Opinion: SMS mobile phone authentication under threat
- — 14 July, 2011 21:29
While the recent attack against RSA has caused many to question the RSA two factor solution, most people have ignored the more practical and more likely threats facing two factor authentication toda.
One of the most common uses of two factor authentication outside of the RSA solution is SMS based two factor authentication.
This is a very widely adopted solution deployed by many institutions. Commonwealth Bank of Australia through its NetBank platform is one of the most publicly recognised early adopters. Most of these early adopters did so in era when the concept of a "smartphone" was still in its infancy with the Blackberry the only real model of its kind, largely a toy in the hands of IT executives. It was also done to keep the cost of issuing tokens to an absolute minimum. They realised that the cost of tokens were not cheap and if consumers had to pay full price for them out of their own pockets, they probably wouldn't despite greater security.
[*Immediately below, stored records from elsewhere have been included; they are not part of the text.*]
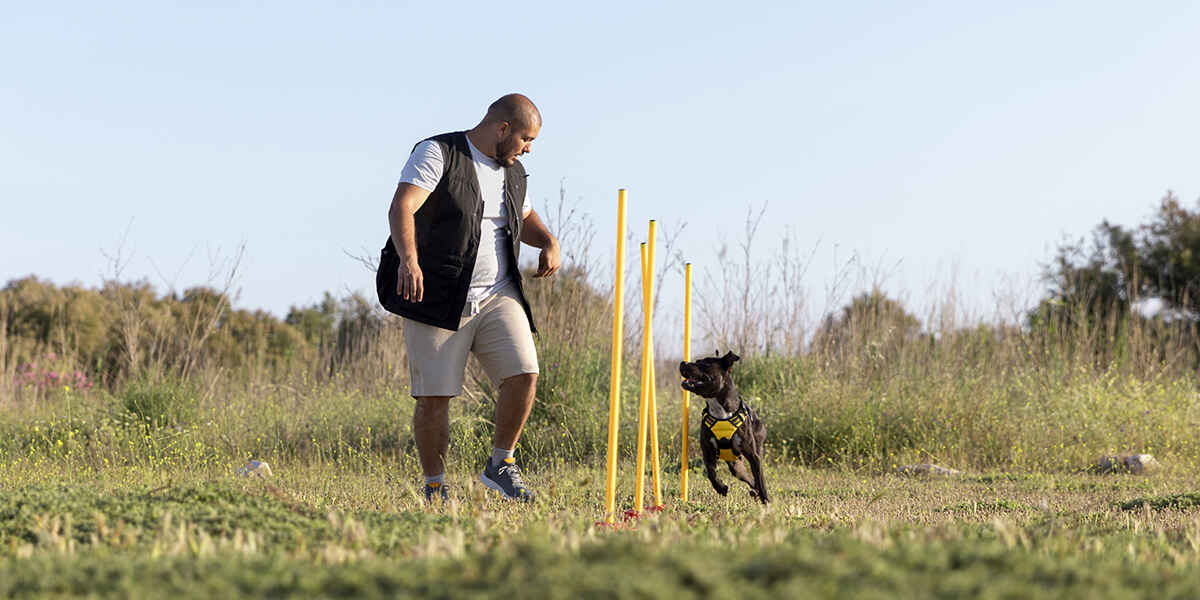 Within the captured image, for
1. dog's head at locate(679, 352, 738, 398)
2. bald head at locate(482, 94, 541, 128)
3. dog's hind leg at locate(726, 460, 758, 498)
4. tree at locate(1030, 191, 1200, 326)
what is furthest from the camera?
tree at locate(1030, 191, 1200, 326)

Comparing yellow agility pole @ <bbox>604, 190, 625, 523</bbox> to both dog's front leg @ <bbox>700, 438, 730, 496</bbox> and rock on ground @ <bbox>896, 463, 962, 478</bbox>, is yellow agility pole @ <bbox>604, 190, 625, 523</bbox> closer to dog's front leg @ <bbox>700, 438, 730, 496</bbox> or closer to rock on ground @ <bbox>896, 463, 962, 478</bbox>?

So the de-facto 'solution' became to use their mobile phones to transmit the token.
While not as secure as carrying the token, since mobile phones were largely not used for Internet banking at the time, they considered 'secure enough'. The problem with this approach today is that the mobile phone is no longer an out of band channel. As society grows increasingly reliant on mobiles phones as a personal computing device, this means that they are likely to become the greater target for cybercriminals. Even though the mobile phone was never a fully out of band channel, the threat landscape is changing, which means that SMS based two factor authentication is becoming increasingly under threat.
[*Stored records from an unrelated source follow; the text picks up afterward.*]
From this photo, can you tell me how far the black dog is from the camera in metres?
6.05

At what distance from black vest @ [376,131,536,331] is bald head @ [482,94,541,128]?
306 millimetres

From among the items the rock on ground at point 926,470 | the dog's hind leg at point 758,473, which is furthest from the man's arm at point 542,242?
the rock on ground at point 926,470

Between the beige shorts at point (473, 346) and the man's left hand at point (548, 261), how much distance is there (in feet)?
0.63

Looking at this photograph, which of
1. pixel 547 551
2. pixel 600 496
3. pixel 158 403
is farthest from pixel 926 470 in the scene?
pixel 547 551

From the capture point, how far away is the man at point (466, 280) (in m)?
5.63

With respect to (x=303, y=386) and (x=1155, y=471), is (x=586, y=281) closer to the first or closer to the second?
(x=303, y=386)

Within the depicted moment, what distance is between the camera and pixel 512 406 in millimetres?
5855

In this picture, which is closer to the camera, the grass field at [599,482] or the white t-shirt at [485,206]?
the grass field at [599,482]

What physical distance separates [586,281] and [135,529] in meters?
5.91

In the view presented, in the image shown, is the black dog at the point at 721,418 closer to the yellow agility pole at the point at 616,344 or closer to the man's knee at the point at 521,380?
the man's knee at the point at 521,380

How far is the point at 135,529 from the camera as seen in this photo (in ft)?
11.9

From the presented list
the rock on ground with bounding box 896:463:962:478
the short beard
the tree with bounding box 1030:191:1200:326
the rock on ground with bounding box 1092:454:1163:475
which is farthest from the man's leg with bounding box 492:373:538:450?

Bruce Schneier commented in 2009 on attacks involved trojans designed to 'piggyback' the user's authenticated session, likewise using 'man-in-the-middle' attacks to intercept the tokens - and prior to that in 2005. So these attacks are not new. Australians have already seen examples were criminals were able to steal personal information of registered Internet banking users to request a redirect of their mobile phone and use their information to reset their password, get their token and use their phone number to drain bank accounts undetected by the account holder. While these attacks are highly sophisticated and still far from normal, they do occur and will continue to grow in number as the user grows even more mobile and demands more services.
Solutions to future attacks against two factor authentication must address the challenges of using insecure networks, insecure platforms while being able to ensure it is the transaction that is authenticated and not just the user. But most importantly, tokens must be issued in an out of band channel and must be tied to something that the user "has". Smartcards, One Time Pads (OTPs) and other, more innovative solutions do abound. However should adopters still wish to use mobiles to issue tokens, they must address the fact that the tokens are being sent over an insecure channel and where possible, defeat replay attacks.
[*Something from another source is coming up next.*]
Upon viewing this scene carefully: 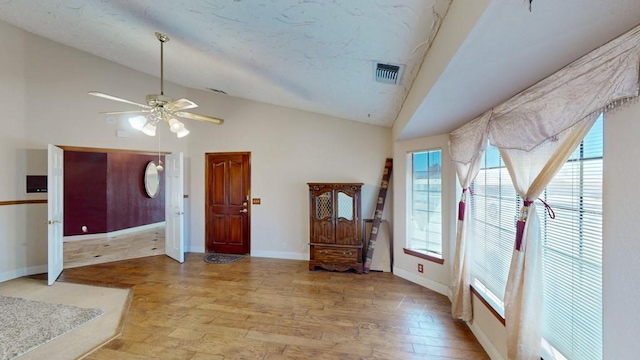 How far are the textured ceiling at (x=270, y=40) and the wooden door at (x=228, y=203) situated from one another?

Jarrod Loidl is an information security consultant with seven years industry experience. He has worked in a number of different verticals such as education, gaming, advertising, financial services, professional services, not-for-profit and healthcare. His specialities are security management, risk and architecture. He runs his own blog at http://jarrodloidl.blogspot.com and can be found on twitter as @jloidl.
The views in this article represent his own and not that of his employer.